Liceo Artistico- Ci saranno sei indirizzi distinti: arti figurative, architettura e ambiente, audiovisivo e multimedia, design, grafica e scenografia.
Liceo Linguistico- L'insegnamento di tre lingue sarà previsto già dal primo anno, inoltre a partire dalla terza classe ci sarà un insegnamento non linguistico impartito in lingua inglese.
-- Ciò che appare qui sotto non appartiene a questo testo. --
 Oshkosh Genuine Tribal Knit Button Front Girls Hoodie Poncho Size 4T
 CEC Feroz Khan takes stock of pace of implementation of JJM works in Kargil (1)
Liceo Scienze Umane- Che si sostituisce in toto al liceo sociopsicopedagogico
Istituti Tecnici- Si divideranno in due settori e 11 indirizzi. I due settori sono l'economico e il tecnologico. Gli indirizzi sono: amministrativo, finanza e marketing; turismo, meccanica, meccatronica ed energia; trasporti e logistica; elettronica ed elettrotecnica; informatica e telecomunicazioni; grafica e comunicazione; chimica, materiali e biotecnologie; sistema moda; agraria, agroalimentare e agroindustria; costruzioni, ambiente e territorio.
Istituti Professionali- ci saranno due settori, quello dei servizi e dell'industria e artigianato. Per il Settore dei servizi gli indirizzi sono: Servizi per l’agricoltura e lo sviluppo rurale; Servizi socio-sanitari; Servizi per l’enogastronomia e l’ospitalità alberghiera; Servizi commerciali. Per il Settore dell’industria e artigianato sono invece: Produzioni artigianali e industriali; Servizi per la manutenzione e l’assistenza tecnica.